_Exercise requirements_
Pictures must not appear; the answer is exactly the lines from the one that holds "Un reloj inteligente" through the end of the material.

_Data below_
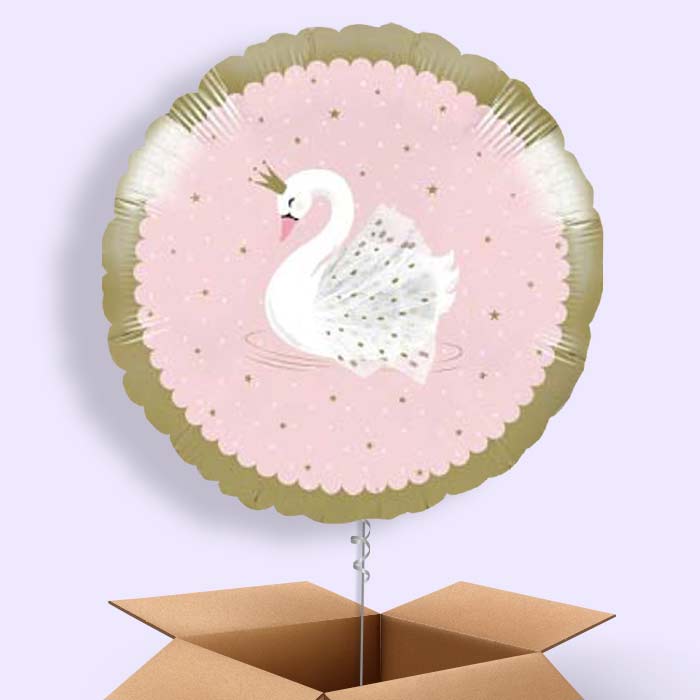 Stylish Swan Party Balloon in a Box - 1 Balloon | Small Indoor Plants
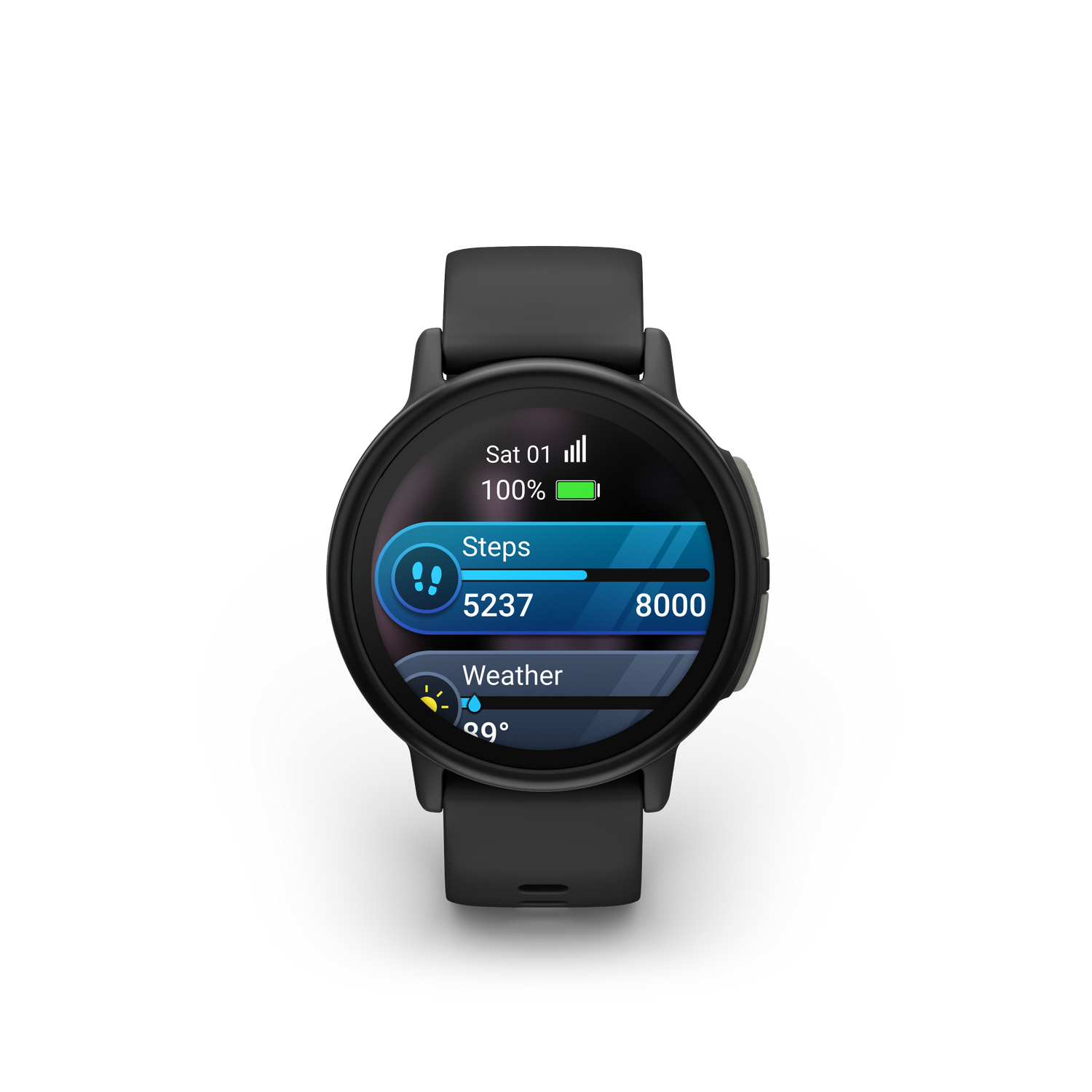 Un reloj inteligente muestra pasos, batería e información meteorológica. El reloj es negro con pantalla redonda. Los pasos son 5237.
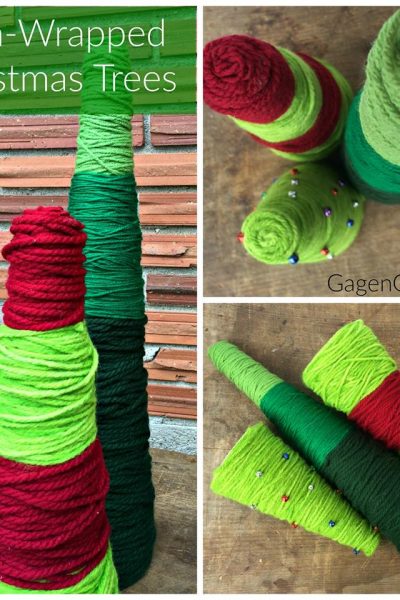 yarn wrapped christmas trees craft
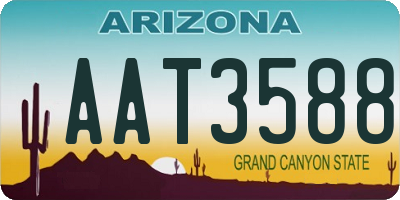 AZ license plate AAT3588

_Reply_
 Un reloj inteligente muestra pasos, batería e información meteorológica. El reloj es negro con pantalla redonda. Los pasos son 5237.
 yarn wrapped christmas trees craft
 AZ license plate AAT3588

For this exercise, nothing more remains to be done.